U.S. 'Will Stay the Course' in Iraq, Bush Says
By Casie Vinall
Special to American Forces Press Service
WASHINGTON, July 10, 2003 The United States "will stay the course" in Iraq, President Bush said today in Gaberone, Botswana, following a meeting with President Festus Gontebanye Mogae.
Commending Mogae on his service and leadership, Bush said he appreciates his "commitment to democracy and freedom, to rule of law and transparency."
"We've got a great friend in the war on terror," Bush said. "We both understand that we must work together to share intelligence, to cut off money, to forever deny terrorists a chance to plot and plan and hurt those of us who love freedom."
The U.S. president noted that Ambassador Jerry Bremer, the American civil administrator in Iraq, reports that "the vast majority of Iraqi citizens are thrilled that Saddam Hussein is no longer in power." However, a "security issue" remains, and it is something that must be dealt with "person by person."
"We're going to have to remain tough," Bush said.
Involving the Iraqi people in the reconstruction effort is essential, he said. "The more involved the Iraqi citizens become in securing their own infrastructure and the more involved Iraqi citizens are in the transitional government, the more likely it is the average citizen will understand that, once again, the apologists for Saddam Hussein are bringing misery on their country."

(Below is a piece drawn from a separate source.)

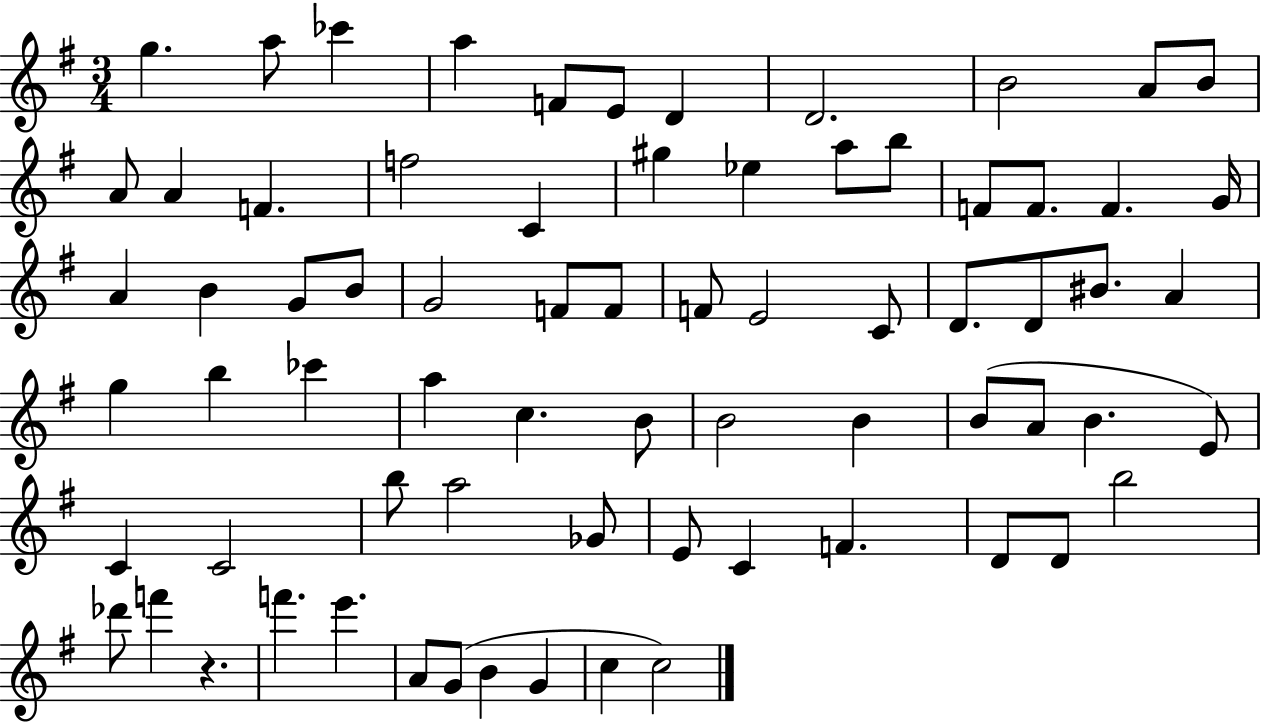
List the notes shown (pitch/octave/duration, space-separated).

G5/q. A5/e CES6/q A5/q F4/e E4/e D4/q D4/h. B4/h A4/e B4/e A4/e A4/q F4/q. F5/h C4/q G#5/q Eb5/q A5/e B5/e F4/e F4/e. F4/q. G4/s A4/q B4/q G4/e B4/e G4/h F4/e F4/e F4/e E4/h C4/e D4/e. D4/e BIS4/e. A4/q G5/q B5/q CES6/q A5/q C5/q. B4/e B4/h B4/q B4/e A4/e B4/q. E4/e C4/q C4/h B5/e A5/h Gb4/e E4/e C4/q F4/q. D4/e D4/e B5/h Db6/e F6/q R/q. F6/q. E6/q. A4/e G4/e B4/q G4/q C5/q C5/h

As freedom spreads, Bush said, the world will see what Saddam Hussein did to the mentality of the Iraqi people.
"We've discovered torture chambers where people, citizens were tortured just based upon their beliefs," he said. "We've discovered mass graves -- graves for not only men and women, but graves for children. We discovered a prison for children."
Saddam aimed to intimidate the Iraqi people, Bush said, "and slowly, but surely, the people of Iraq are learning the responsibility that comes with being a free society."
Coalition efforts in Iraq have only been underway for a short time, Bush reminded reporters, and it's going to take far longer for people "to recognize the great joys of freedom and the responsibilities that come with freedom.
"We're making steady progress," he said. "A free Iraq will mean a peaceful world. And it's very important for us to stay the course, and we will stay the course."